The eighth ever Women’s World Cup will start on June 7—and unlike last summer, when the U.S. men’s team didn’t make it to the tournament, the United States women’s team not only qualified, they’re the reigning champions.
As one of the most successful women’s soccer teams in the world, the U.S. women’s national team is one to watch. They’ve won three World Cup titles and four Olympic gold medals, among a heap of other wins at international championships.
In the past, the U.S. women’s national team (USWNT) has boasted players like Mia Hamm, Brandi Chastain, and Abby Wambach.

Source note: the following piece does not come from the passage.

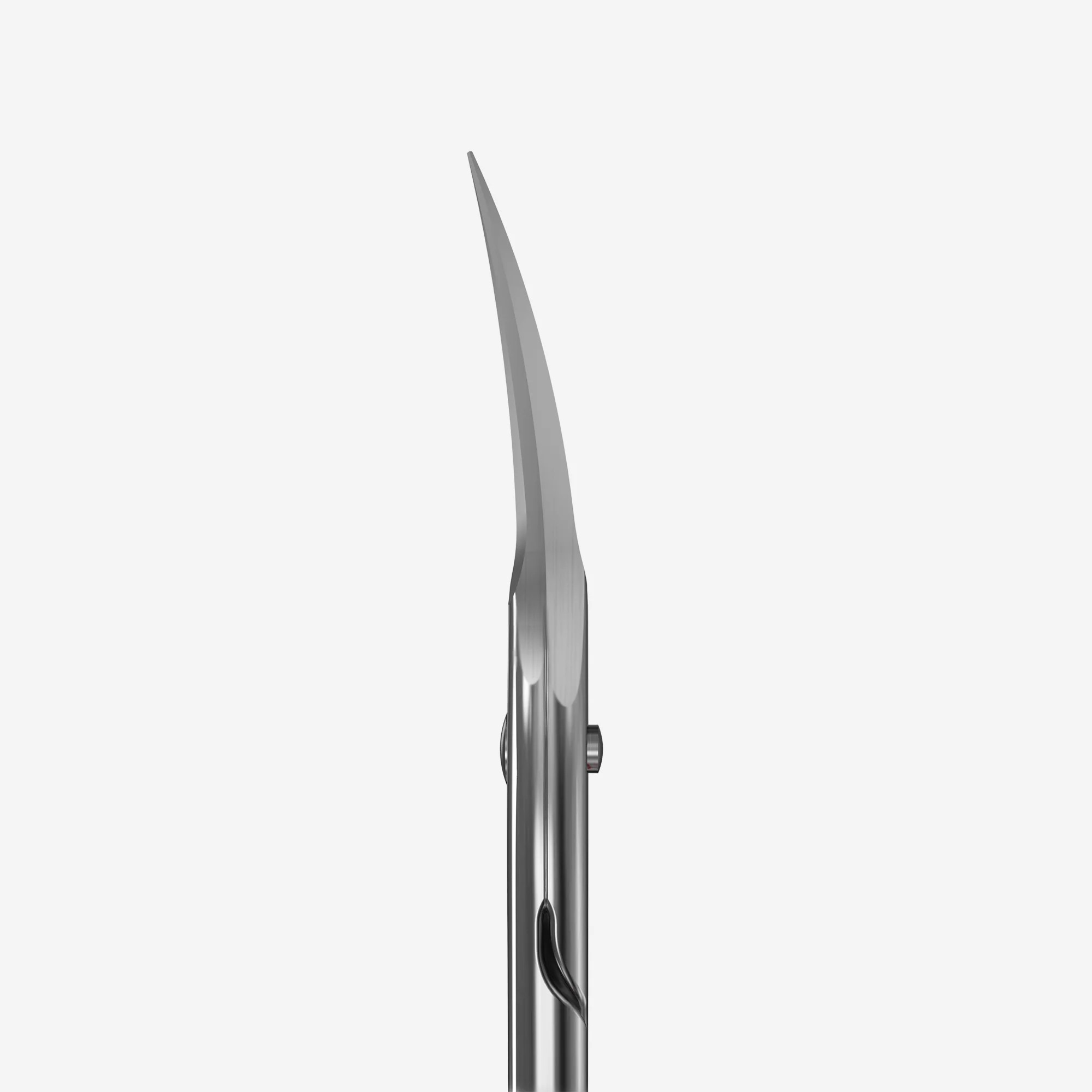 STALEKS SMART 50 TYPE 3 Professional cuticle scissors - Image 3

In 2013, Wambach broke Hamm’s record and became the highest scoring international player of both men and women.Her record stands at 184 international goals scored (as opposed to Christian Ronaldo’s 85 as one of the top international players in the men’s league, but who’s counting?) Wambach’s book “Wolfpack” came out April 9. It’s inspired by a commencement speech she gave at Barnard College in 2018.
Hamm played for the national team for 17 years and was the first woman inducted into the World Football Hall of Fame in Mexico. Brandi Chastain famously won the penalty shootout in the 1999 World Cup against China and was inducted into the National Soccer Hall of Fame in 2017 and the Bay Area Sports Hall of Fame in 2018.

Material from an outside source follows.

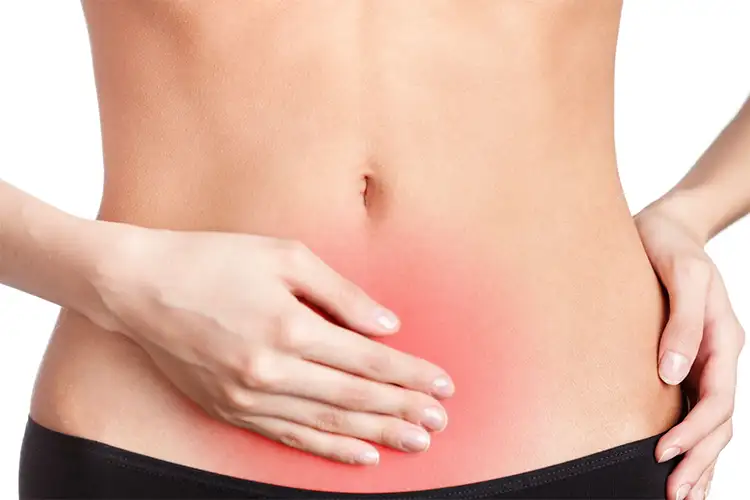 La infección urinaria es más frecuente en mujeres pero también afecta a hombres.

While the final roster hasn’t been announced for the 2019 World Cup, there are a few players on the current roster who are certain to make the cut. First up will be co-captains Carli Lloyd and Alex Morgan, both who have over 100 international goals—a feat that Morgan reached in a match against Australia just earlier this month.

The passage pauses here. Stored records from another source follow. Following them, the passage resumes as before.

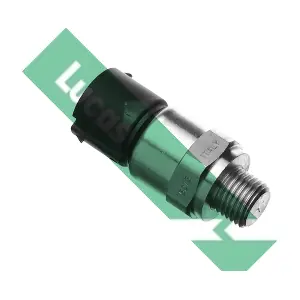 SNB663 LUCAS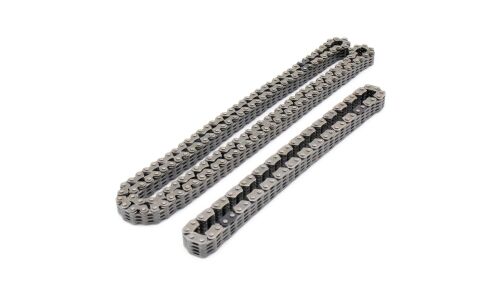 Комплект для замены цепи ГРМ MASUMA MGR-2002 для двигателей MR18DE, MR20DE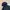 Gorpcore Puffer jacket Pria black photo 4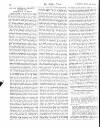 Belper News Friday 27 November 1896 Page 14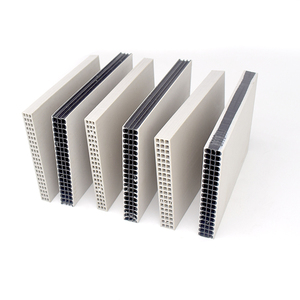 Marc 2025 <span class=keywords><strong>Precio</strong></span> barato 1220x2440mm Tamaño 15mm 18mm 21mm Losas de hormigón Formas Construcción Encofrado de plástico Paneles de encofrado - Product Image 1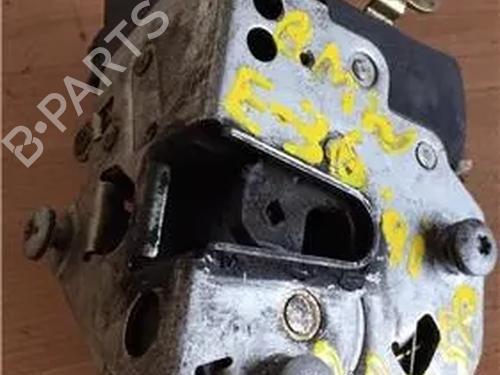 Used Front right lock BMW 3 (E36) 316 i (102 hp) 12597011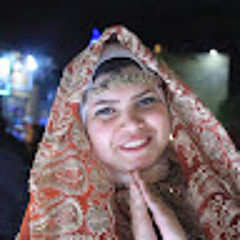 روءه شانيل _Roaa Channel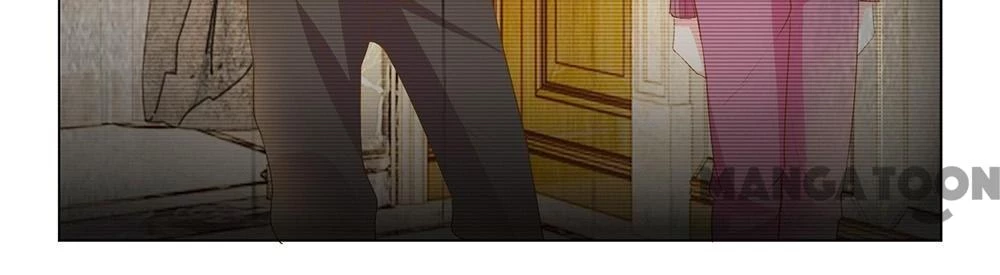 Nắng Mai Không Đẹp Bằng Em Chapter 147 - 14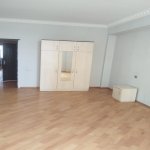 Kirayə (aylıq) 2 otaqlı Yeni Tikili, 20 Yanvar metrosu, Nəsimi rayonu 9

With only a three series send-off game standing between the USWNT and the start of World Cup, the crew going to France could be announced anytime. Favorites for the final list include forwards Megan Rapinoe and Tobin Heath, midfielders Lindsay Horan and Julie Ertz, and defenders Abby Dahlkemper and Crystal Dunn.
The team has made headlines for their work in advocating for equal pay. On International Women’s Day of this year, March 8, they filed a gender discrimination suit against the U.S. Soccer Federation (USF) with the Equal Employment Opportunity Commission (EEOC).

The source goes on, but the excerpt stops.